The real solution is to have a great handbook and to be guided by common sense and fairness.  That’s why I’ve put together this list of the top 3 problems your employee handbook should insure don’t become an expensive legal nightmare for your business.   (Plus, I decided to over-deliver with 9 extra).

1. It shows you which laws to follow.

Ever heard of USERRA?  That could be a big problem.  Especially if your employee joins the reserves or national guard and gives you last minute verbal notice he needs to miss work for military reasons.  Oh yeah, and he doesn’t know when he’ll big back.  You might think you can replace him or her.  Think again.  You’re almost guaranteed to be required by law to give him his same job back, plus raises.

You see how having a good USERRA Policy in your handbook could prevent the nightmare of breaking the law AND the bad PR of mistreating a veteran?

2. It shows you how to follow the HR laws close enough to stay out of trouble.

Not knowing the law can hurt you.  What if your manager doesn’t interview a qualified pregnant lady for a job because “who applies for a job when they’re six months pregnant?”  Wouldn’t it have been nice if your handbook said “we don’t discriminate on the basis of pregnancy”, instead of the only the standard “sex.”  Come on, how many entrepreneurs read the word “sex” and think “pregnancy”?  *wink*

Anyway . . . I’ve added “pregnancy” to more discrimination policies in handbooks than I can remember.  No, the law doesn’t say “it has to say pregnancy.”  But it’s safer to be clear.  Here’s why:

I’ve heard a manager say “she’s the best one, I wish she hadn’t told me she was pregnant.  Now I can’t hire her.”  I was in law school at the time, and this manager fought back with me.  “That can’t be the law, Melissa.  Everyone knows you don’t apply for job while you’re pregnant.”


So, just to be safe and protect all the unsuspecting business owners out there, I put “pregnancy” in every discrimination policy.

3. It immediately creates an awesome defense to most sexual harassment claims.

The only time it doesn’t create that awesome defense is when someone complains and you don’t follow the policy saying you’ll investigate and take appropriate action.  But you aren’t going to do that are you?

Of course not.

The US Supreme Court said way back in 1998-99 (going on memory here) that sexual harassment plaintiffs should be required to file an internal complaint with their employer before they sue.  Then, if the employer takes appropriate action, the employer gets an “affirmative defense” to the sexual harassment lawsuit.

The problem: if you don’t have a policy prohibiting harassment, telling them how to complain and telling them who to complain to if the person harassing them is the one that is supposed to receive the complaints, then you don’t get the defense at all.  In fact, your liability gets worse.

BONUS: this defense even “sort of” works for all other types of discrimination: race, gender, etc.

“WAIT UP,” you’re thinking.  “I thought you said 3?”  Well, how about I give you 12 instead.  My gift to you; just to keep you safe.

4. Your handbook proves that you told your employees your expectations.

Ever had an employee look at you like you’re crazy when you ask them if they’ve followed procedure?  “What?
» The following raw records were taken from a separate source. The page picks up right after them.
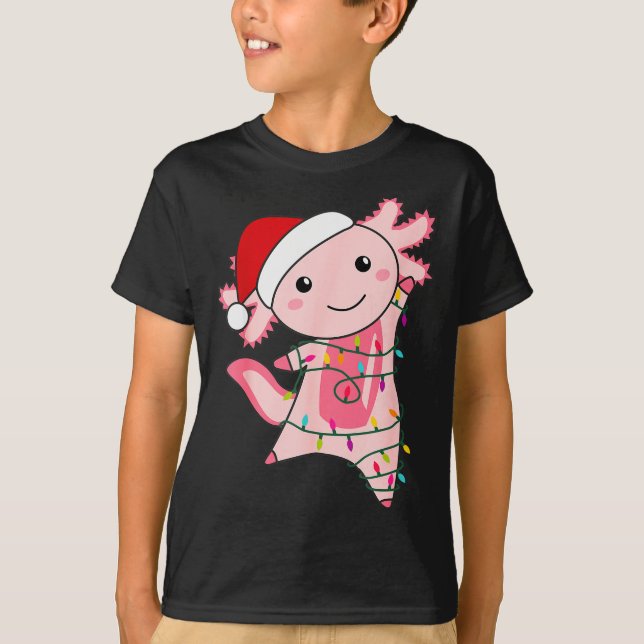 Axolotl Christmas Fairy Light Christmas Axolotl  T-Shirt (Front)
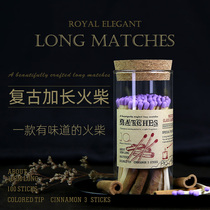 Scented candles special matches Creative trend cigar Foreign Fire color extended match pot 100 pieces of Cinnamon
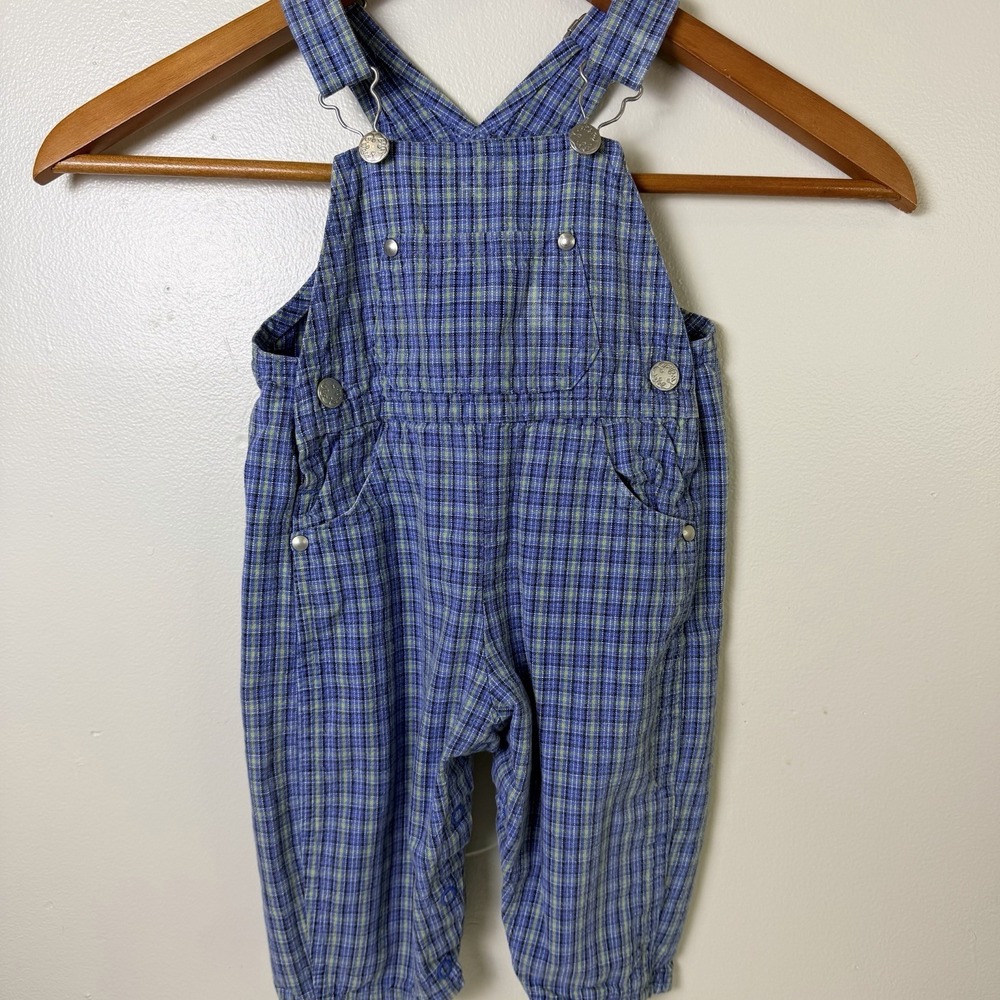 vtg 90s usa OSHKOSH BABY B'GOSH Vestbak plaid jump suit overalls 12 MONTHS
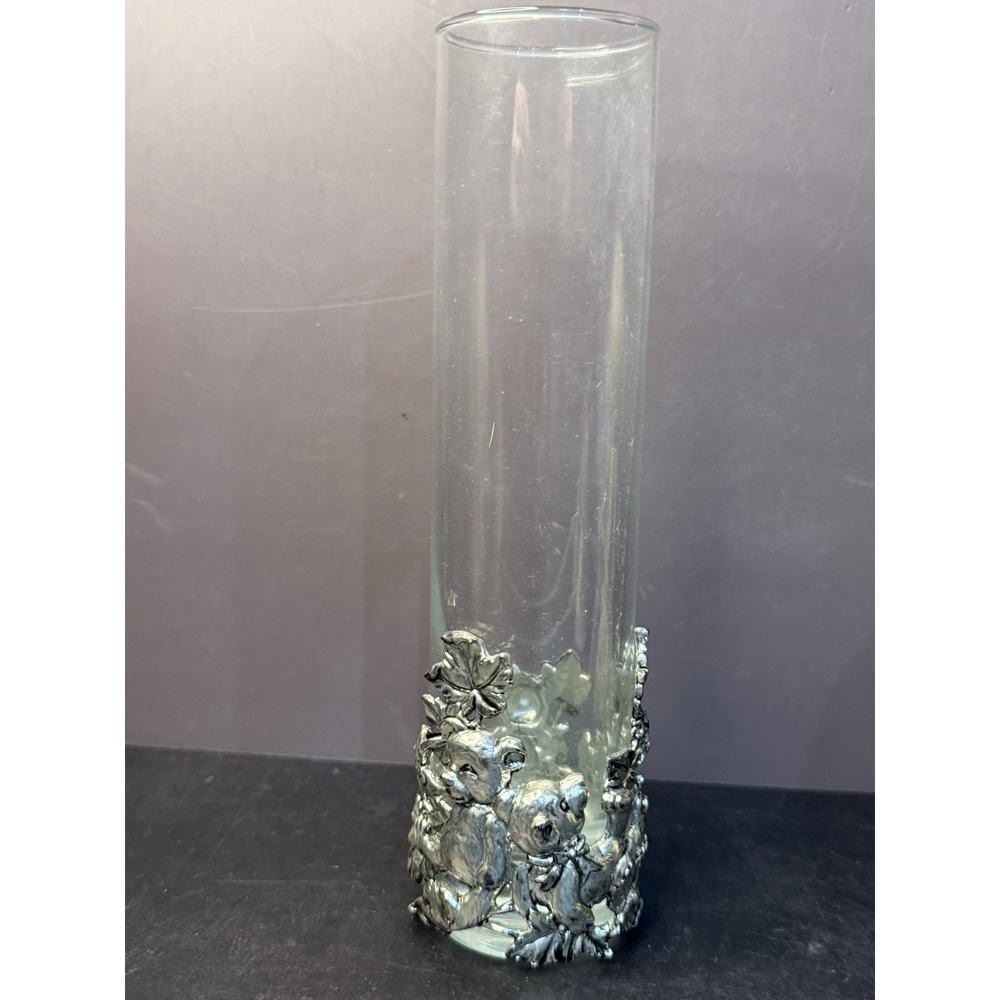 VTG Arthur Court Vase Glass Clear Cylinder Applied Aluminum Bear Cubs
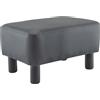 Mediawave Store Poggiapiedi Pouf Rettangolare Ecopelle Piedini in Legno Sgabello Camera da Letto Nero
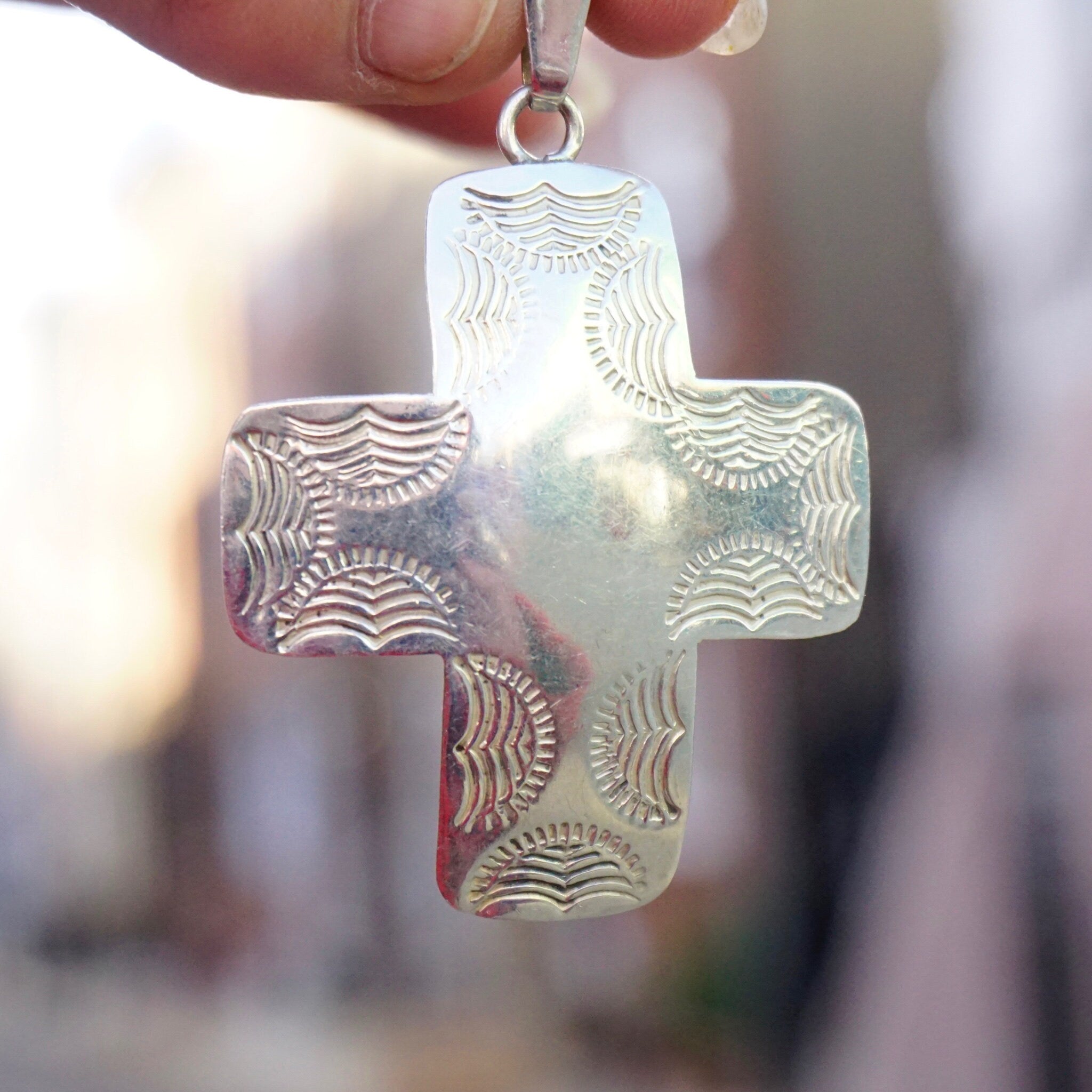 Vintage Sterling Silver Cross Pendant, Engraved Silver Pendant Made In Mexico, Sterling Silver Cross With Hammered Pattern, Mexico 925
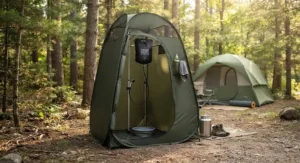 A pop-up privacy shelter set up at a campground with a portable camp shower installed inside.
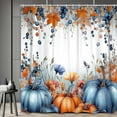 thumbnail image 3 of Fall Pumpkin Shower Curtain, Autumn Maple Leaves Thanksgiving Day Harvest Orange Blue Leaves Farmhouse Shower Curtain Set, Country Watercolor Plant Fabric Bath Curtain with Hook, 36X72in, 3 of 5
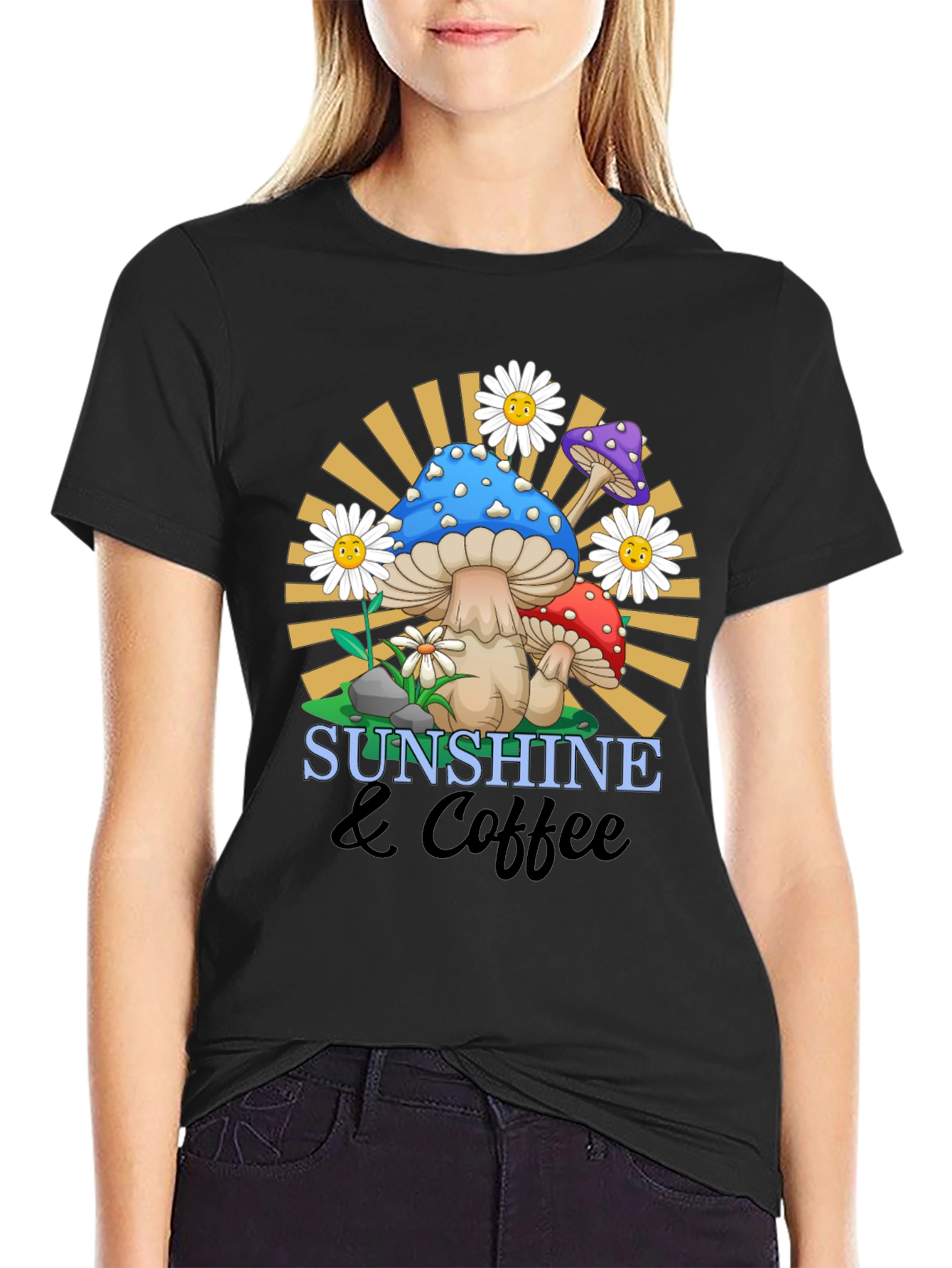 Sunshine & Coffee Mushroom Graphic Tee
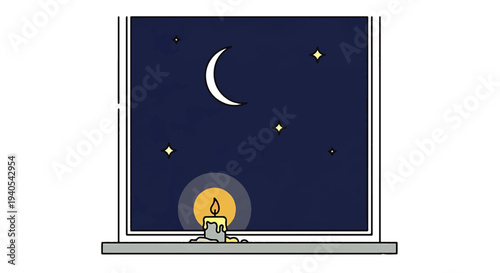 Eid Mubarak and Happy Eid al-Fitr 2026 celebration vector illustration of a serene night sky with crescent moon and stars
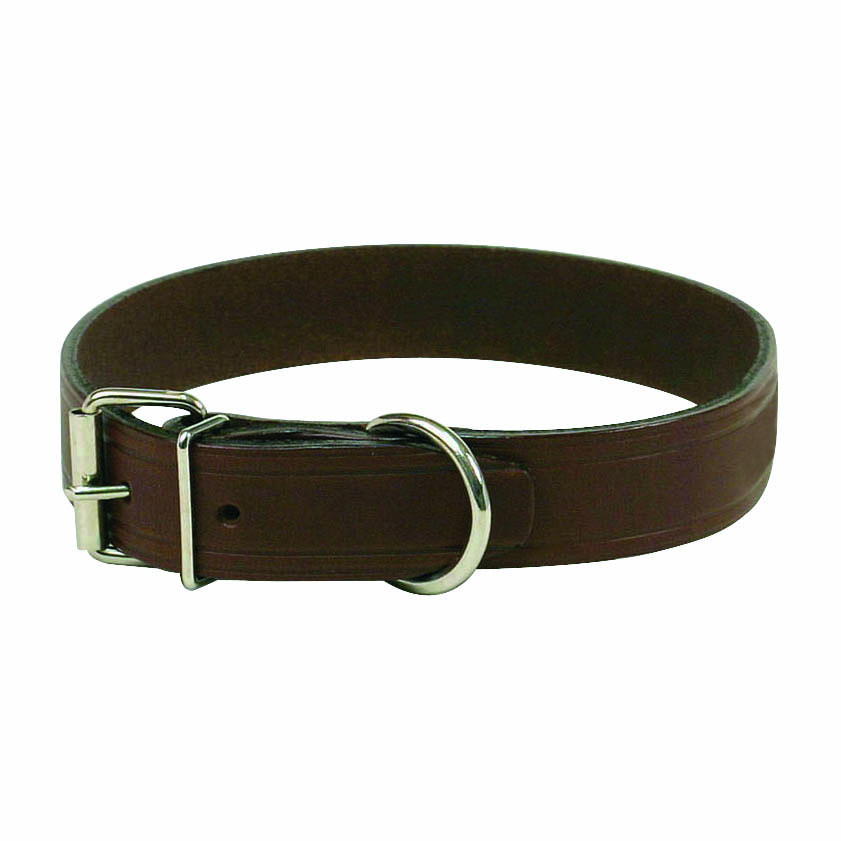 COLLIER CUIR RIVETÉ MARRON 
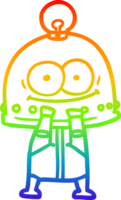 rainbow gradient line drawing of a happy carton robot with light bulb png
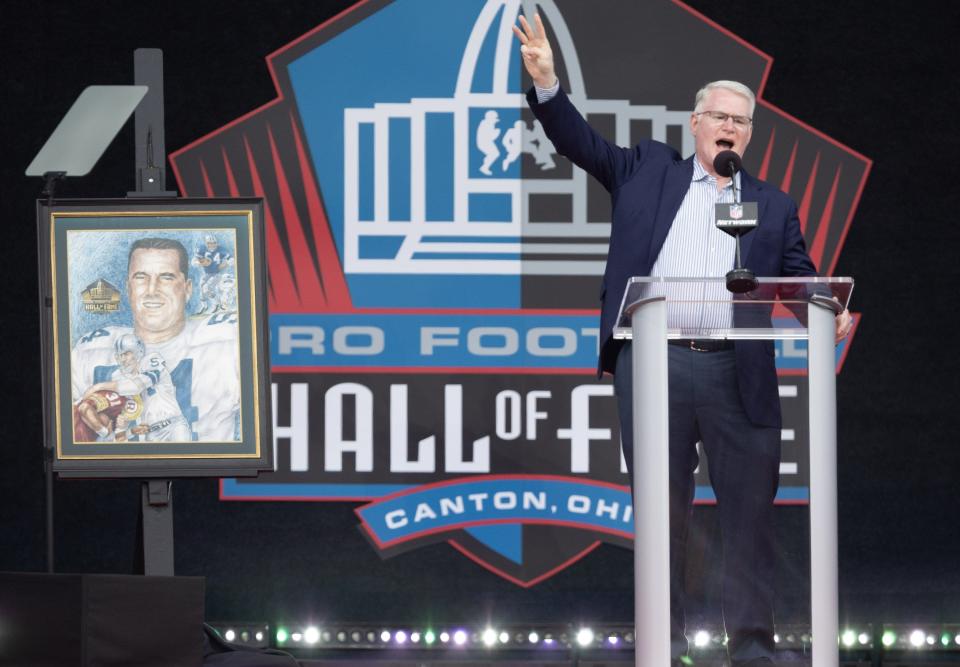 Scott Howley, son of Chuck Howley, speaks on behalf of his father during the Pro Football Hall of Fame Enshrinement on Saturday.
You never said that.”  Maybe it was not calling in sick and just staying in bed assuming you would know they must be sick.

(Seriously, do I have to tell them everything?  Isn’t anything common sense anymore?)

If do have a no-call, no-show employee, you’re going to be so thankful you wrote down that you told them they should call you when they’re sick, each and every day.  Even better if they signed a handbook acknowledgement.

5. Your handbook saves you time.

You can’t sit down and tell your employees all the common sense things you’re expecting of them.  If you have a good handbook, then onboarding becomes a lot easier.  Look at your table of contents, highlight the most important policies to you.  Smile and tell your new employee: “See these things I’ve highlighted in my handbook.  Please follow them.  We’ll get along a lot better that way.”  You can read over the names of policies, ask if they have questions, and then move on to telling them what their roll is in your company.

Boom.  You’ve just onboarded an employee without paying a fancy consultant.  When you’re a small company, it’s about getting the HR stuff good enough in the beginning.  I get it.

6. It proves you’re a good guy/gal/entrepreneur.

No law says that you have to have a policy against discrimination until you hit 15 employees. I teach business owners that until you hire your 15th employee, you only need to practice not discriminating.  Meanwhile, have a written policy proving it is your policy to follow the non-discrimination laws even though you aren’t legally required to follow them until you’re a bigger company.  You are doing that because you believe it is the right thing to do.

Then, if a pregnant employee steals from you and you fire her from stealing, but she calls the local tv station claiming you fired her because she’s pregnant, you have proof you’re “a good guy boss.”  Here’s my policy I don’t even have to have saying I will not discriminate based on pregnancy.  On deep background, I’ll show you my evidence she stole from me, then you can decide if you really want to run with the story.

WARNING: (OK.  So some states make these laws apply to smaller companies.  Plus, it’s also illegal to discriminate in the entire US based on immigration status as soon as you hire your 4th employee).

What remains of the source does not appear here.